### About this exercise
Every line from the line containing "CleanAirGardening.com. As a" through the end of the data is to be reproduced exactly, excluding pictures.

§ §

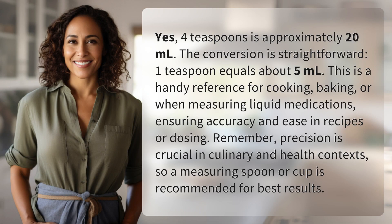Yes, 4 teaspoons is approximately 20 milliliters. The conversion is straightforward: 1 teaspoon equals about 5 milliliters. This is a handy reference for cooking, baking, or when measuring liquid medications, ensuring accuracy and ease in recipes or dosing.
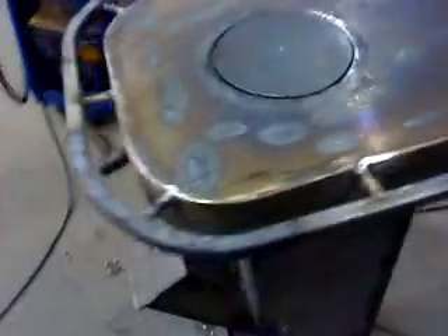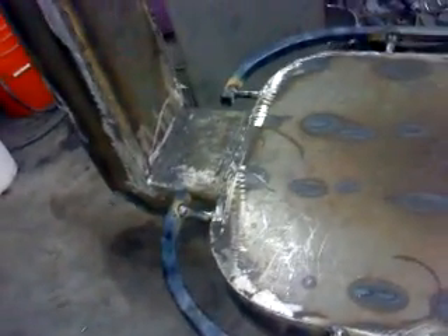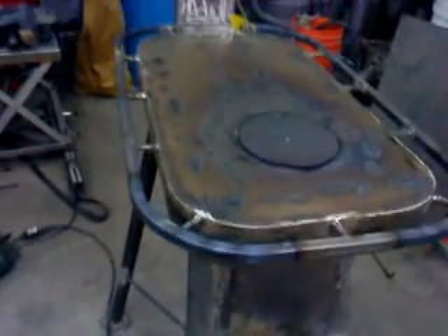I made a heat protection bar around the stove — this is a half-inch square tube. It's not just protection but it actually looks very good.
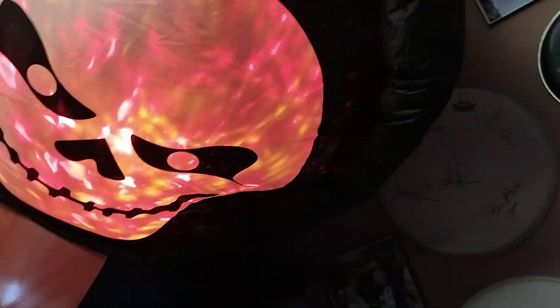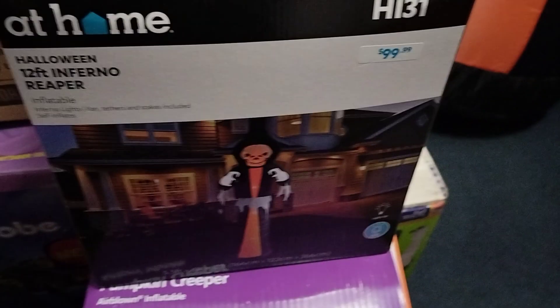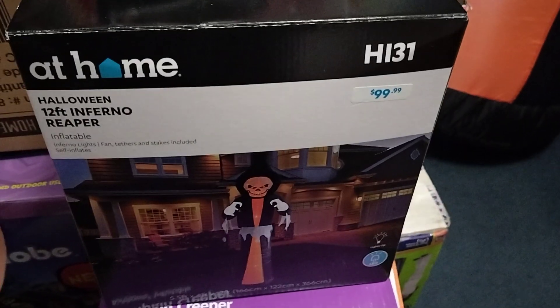As you can see, I wish it had LEDs in the hands, but whatever. It's got a large cheap fan, it's got a glidescope right there, and it actually looks really good. Here's the box right here — this is being sold at At Home this year for 100 bucks.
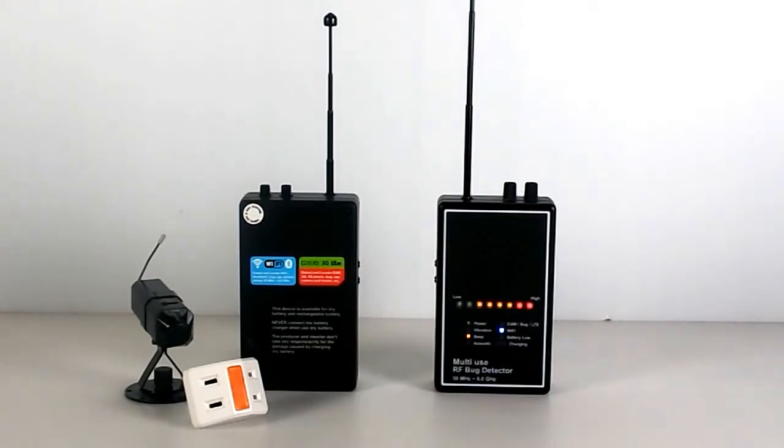The three warning modes include beeping, vibration, and acoustic. This device also has an acoustic display feature. When the device detects a hidden microphone and you switch to acoustic mode, you can hear the audio voice, and the volume controller can adjust the sound.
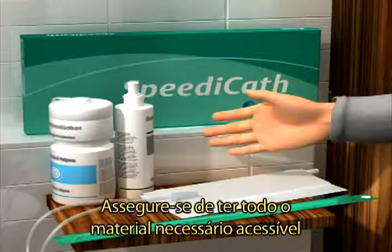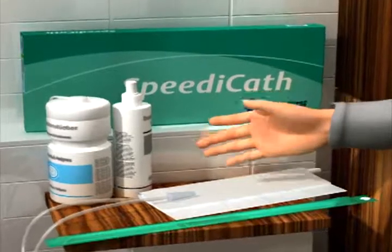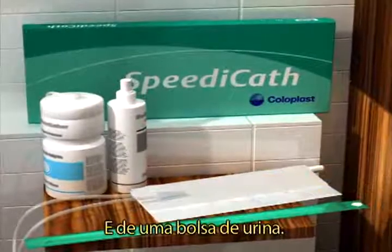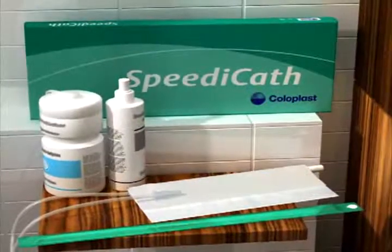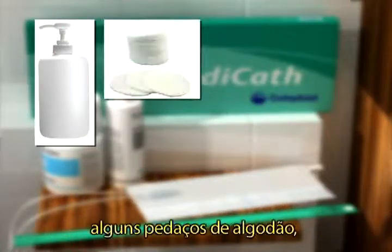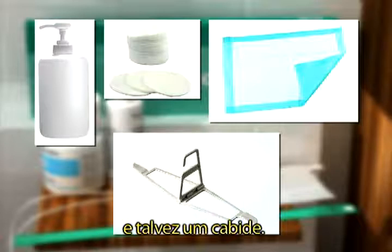Make sure to have all the equipment you will need ready before you start the catheterisation. You will need a catheter of the appropriate size and a urine bag. You will also need soap with a neutral pH value, some cotton wool pads, a drape and perhaps a pantler.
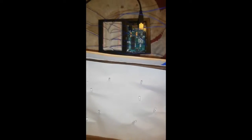I set up my Arduino and I wired up the LEDs. I poked holes in this piece of paper and on the back there's some wiring going on, but that should work.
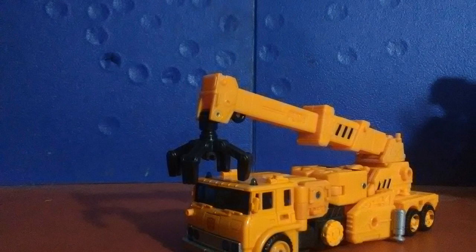I got this figure off of Amazon about a month ahead of its actual release date because I found it for about $55, but I had a $25 gift card so I got it for the same value as a typical Voyager today.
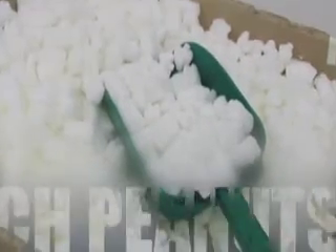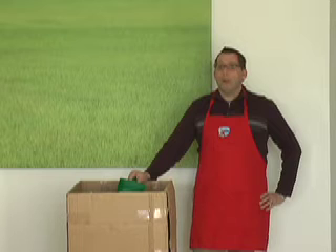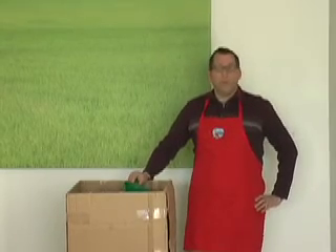CleanAirGardening.com. As a mail order company, we pack and ship a lot of boxes here at Clean Air Gardening. One of the things that we try to do to help make a difference is to use starch peanuts instead of styrofoam peanuts.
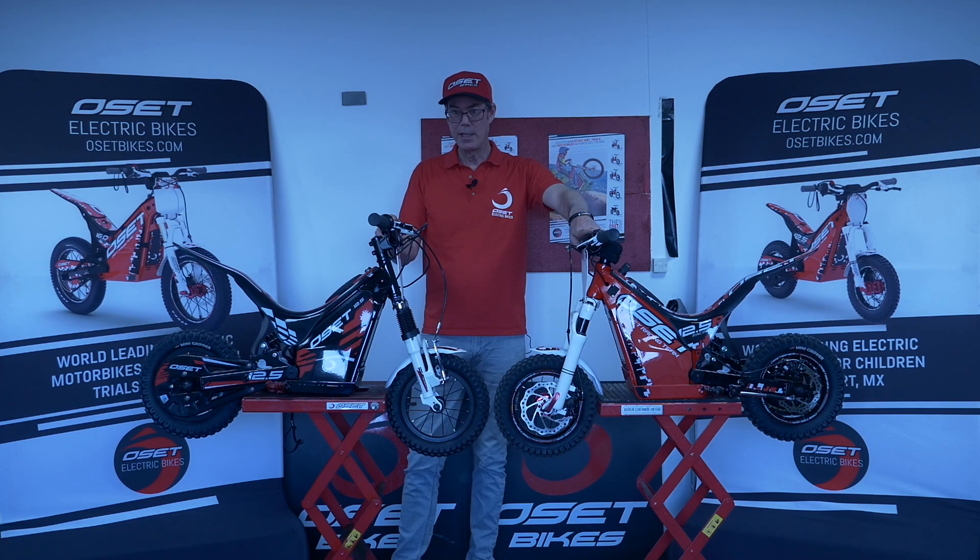The age range is two to four or five years old on this bike, depending on how they're growing. What we're finding across the world is that the 12.5 Racing is the one chosen by a lot more buyers. The 12.5 Eco is a slightly lower spec version. They share most of the same components, but there are a few differences. This bike is a lot cheaper, and for the customer it's obviously weighing up which one is better for the job. This one will definitely do the job, particularly in the back garden, while the Racing is for kids who are getting more into competitions and that type of thing.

§ §

### Task response
CleanAirGardening.com. As a mail order company, we pack and ship a lot of boxes here at Clean Air Gardening. One of the things that we try to do to help make a difference is to use starch peanuts instead of styrofoam peanuts.
The age range is two to four or five years old on this bike, depending on how they're growing. What we're finding across the world is that the 12.5 Racing is the one chosen by a lot more buyers. The 12.5 Eco is a slightly lower spec version. They share most of the same components, but there are a few differences. This bike is a lot cheaper, and for the customer it's obviously weighing up which one is better for the job. This one will definitely do the job, particularly in the back garden, while the Racing is for kids who are getting more into competitions and that type of thing.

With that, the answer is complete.